Zu den wichtigsten Ergebnissen des Projekts „Trassenbörse“ gehört die Erzeugung von Eisenbahnfahrplänen, die beweisbar mathematisch optimal sind – also eine Strecke bestmöglich zur Erreichung eines definierten Zieles ausnutzen. Unabhängig von der Vermarktung eines Schienennetzes – zum Beispiel eben über eine spezielle Versteigerung – kann schon die automatisierte Fahrplanung bei Entscheidungen über den Umgang mit der Infrastruktur, ihre Nutzung und die Art eines Ausbaus, höchst hilfreich sein. Unseres Wissens ist eine Fahrplanung dieser Art hier weltweit erstmals gelungen.
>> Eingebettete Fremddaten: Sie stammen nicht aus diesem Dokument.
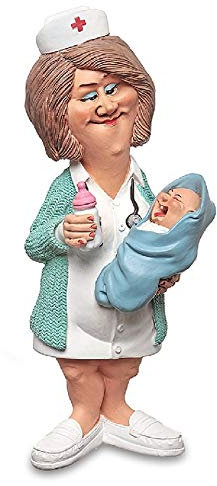 Les Alpes 014 77005 Hebamme 19 cm Kunstharz Funny Dekofigur Serie Berufe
Ein Fahrplan ist ja nicht nur das, was wir alle als Passagiere an den üblichen Aushängen sehen, sondern der viel tiefergehende betriebliche Fahrplan aus Sicht des Netzunternehmens. Ein Fahrplan im Schienenverkehr legt den kompletten Fahrtverlauf eines Zuges fest, d.h. die Ankunfts-, Abfahrts- und Durchfahrtszeiten an allen Orten und in allen Gleisabschnitten. Das Netzunternehmen muss nun aber alle Züge, die im Netz verkehren, sowohl Personenzüge des Regional- und Fernverkehrs als auch unterschiedlichste Güterzüge, gleichzeitig koordinieren und steht so vor einem gewaltigen Fahrplanrätsel.

Die Konstruktionsgrundlagen richten sich dabei nach den Sicherungssystemen im Schienenverkehr, die überall auf der Welt dem selben Prinzip folgen. Ein Zug muss Gleisabschnitte für eine gewisse Zeit für die Durchfahrt reservieren – sogenannte Blöcke. Das gleichzeitige Belegen eines Blocks durch zwei Züge wird Blockkonflikt genannt und ist dementsprechend in der Konstruktion des Fahrplans verboten.

In untenstehender Abbildung ist ein möglicher Fahrplan für eine gegebene Trassennachfrage in 3D zu sehen.

Darstellung von 198 Zügen im Visualisierungsprogramm TraVis

Dargestellt ist ein Fahrplan mit 198 Zügen in einem Ausschnitt des Schienennetzes zwischen Hannover, Kassel und Fulda mit unserem Visualisierungsprogramm TraVis. In der x-y-Ebene sind die Schienenwege räumlich dargestellt, der z-Wert zeigt die Zeitinformation und führt so die Zugfahrten plastisch vor Augen – für jeden Zugtyp (ICE/IC, RE, Güterzüge) werden dabei unterschiedliche Farben verwendet.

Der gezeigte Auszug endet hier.